When I was in college, back before every mother's child was supposed to be gifted across the board, I knew at least two people who let some of their course work go in order to focus the bulk of their time and energy on their major areas. They didn't fail anything, they just didn't worry about taking a B or B- for a class so long as it wasn't in engineering or nursing. They were not being shiftless and lazy, they were strategizing. They went on to successful careers, by the way.
According to Daniel J. Levitin in The Organized Mind, they were satisficing. Levitin says Herbert Simon came up with the term "to describe not getting the very best option but one that was good enough. For things that don't matter critically, we make a choice that satisfies us and is deemed sufficient."

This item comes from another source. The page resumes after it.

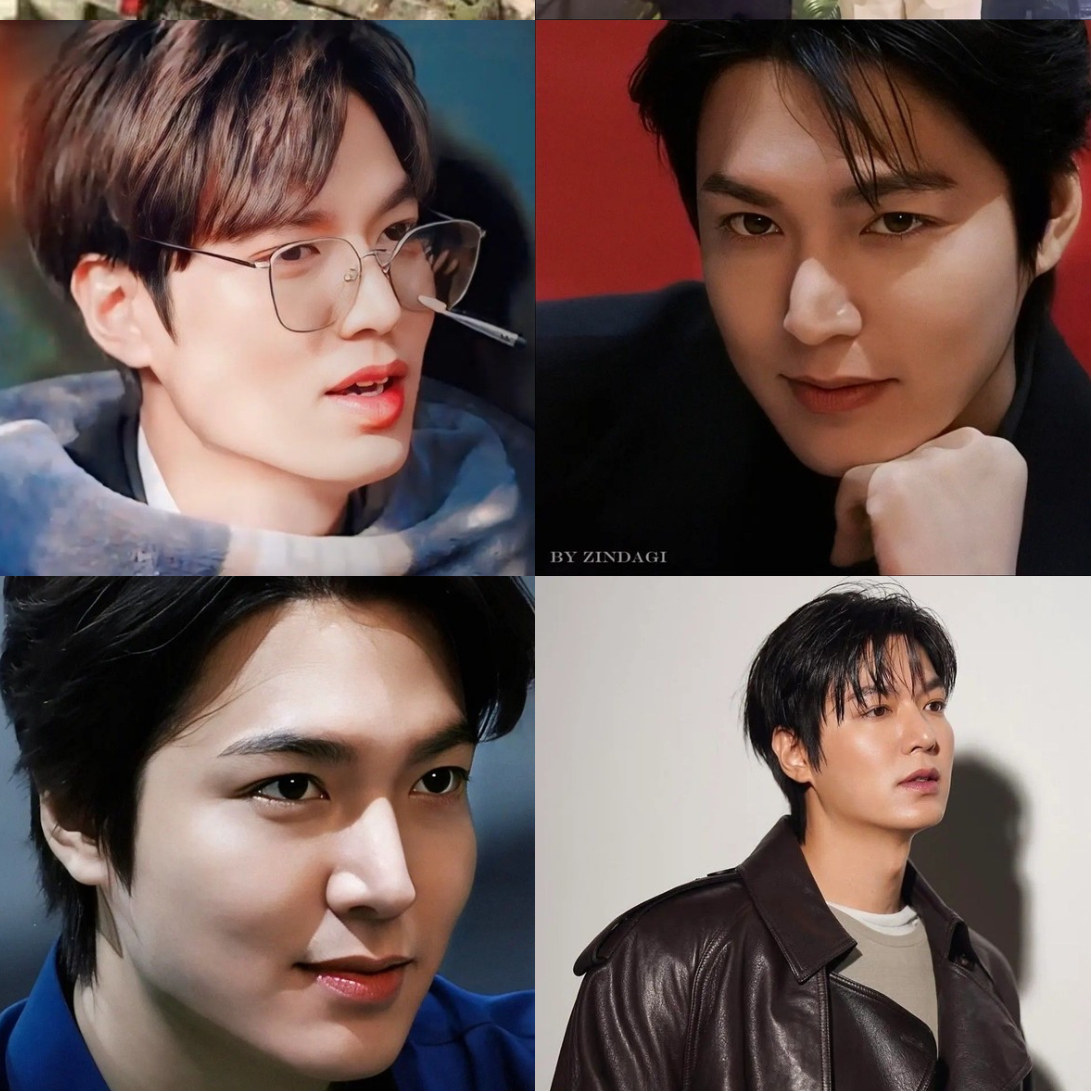 Behind-the-scenes cut of Lee Minho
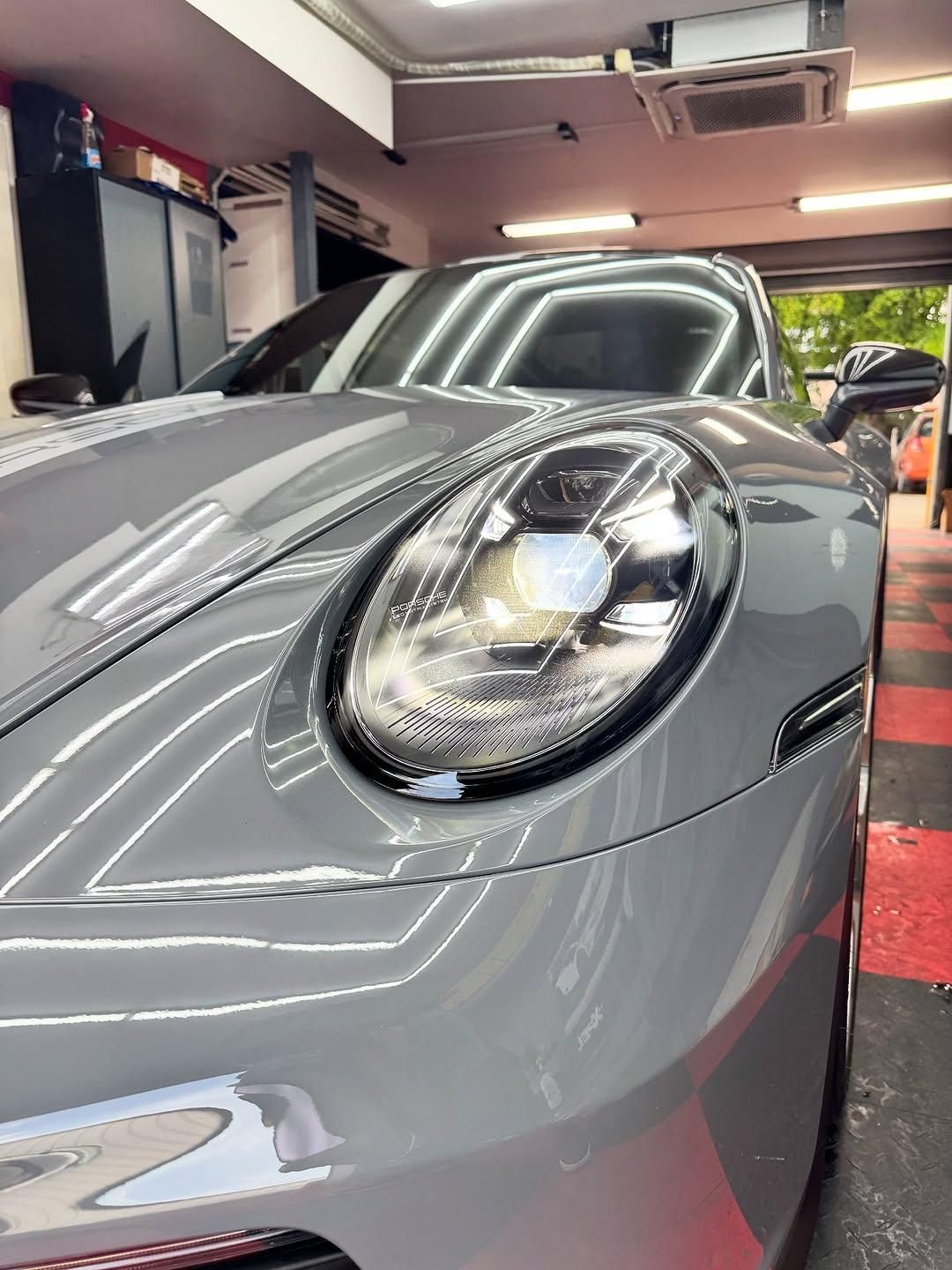 Automotive Ceramic Coating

How does that apply to writers? We have to manage our entire lives in order to make time to write. But we can't just blow off things, leave them totally undone. Remember the environmental disorder study last year that found that a disordered environment leads to self-regulatory failure? We definitely can't just ignore taking care of our homes, for instance, to make more time for writing because the environment we make for ourselves could lead to problems with staying on task. Instead, we have to find a level for what doesn't matter critically that is satisficing, good enough.
It's even true for professional work. Our work situation is always changing. When we have a contractual deadline, we have to focus on writing, but we can't just forget about marketing and other types of writing. They aren't critically important at that point, though. We satisfice. When a new book comes out, marketing does become critically important. We satisfice with the writing then.
We move among all the things we have to do, focusing our effort on some things and spending only as much time as we have to on others.